Primitive elvish
kay
root. lie, lie, [ᴹ√] lie down; [ᴱ√] rest, dwell
Derivatives
- Ad. khay- “to lie (down)”
- ✶kainu- “to lie down” ✧ PE22/136
- ᴺQ. cainu- “to lie down, *bend down; [with locative] to endure, suffer (from)”
- ✶kaita- “to lie, be on the ground” ✧ PE22/136
- Q. caita- “to lie (down)”
- Aq. caia- “[unglossed]”
- Q. cairë “[unglossed]” ✧ PE17/101
- Q. caita- “to lie (down)” ✧ PE17/072; PE22/156
- Q. caita- “to lay (transitive), to lay (transitive); [ᴱQ.] to place, lie down”
- Q. cëa “*hedge” ✧ PE17/101
- ᴺS. caeda- “to lie; to lay (down)”
- S. caer “*flat isle on a river, [N.] flat isle on a river” ✧ PE17/101
- S. cai “hedge” ✧ PE17/101
Element in
- ᴺS. osgaef “surroundings, environs, milieu”
Variations
- KAYA ✧ PE17/101
- KAJ ✧ PE22/136
kait-a
verb. lie, be on the ground
Tolkien used this root for “lie (down)” for most of his life. It appeared as ᴱ√KAYA “lie, rest; dwell” in the Qenya Lexicon of the 1910s (QL/46), but in that document there was another root ᴱ√KAMA “lie down”, with the derivative ᴱQ. kama- “to lie down” (QL/44). There is no sign of ᴱ√KAMA¹ being used this way after the 1910s, and in the 1920s Early Qenya Grammar, the verb for “lie down” was kaita- (PE14/58), which in the Qenya Lexicon of the 1910s had the transitive sense “to place” (QL/44).

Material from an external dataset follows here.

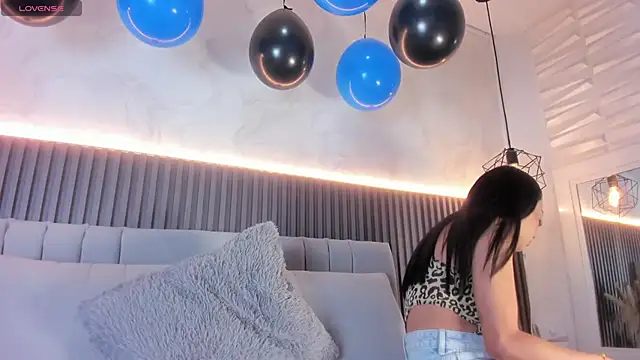 SHANONCLARK online show from 11/08/25, 06:22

The root ᴹ√KAY “lie down” reappeared in The Etymologies of the 1930s (Ety/KAY), and it appeared again in the Quenya Verbal System of the 1940s as the basis for the verb ᴹQ. kaita- “to lie (down)” (PE22/126). The root and associated Quenya verb continued to appear in Tolkien’s later writings all the way up through the late 1960s, always with the sense “lie” (PE17/72; PE22/156).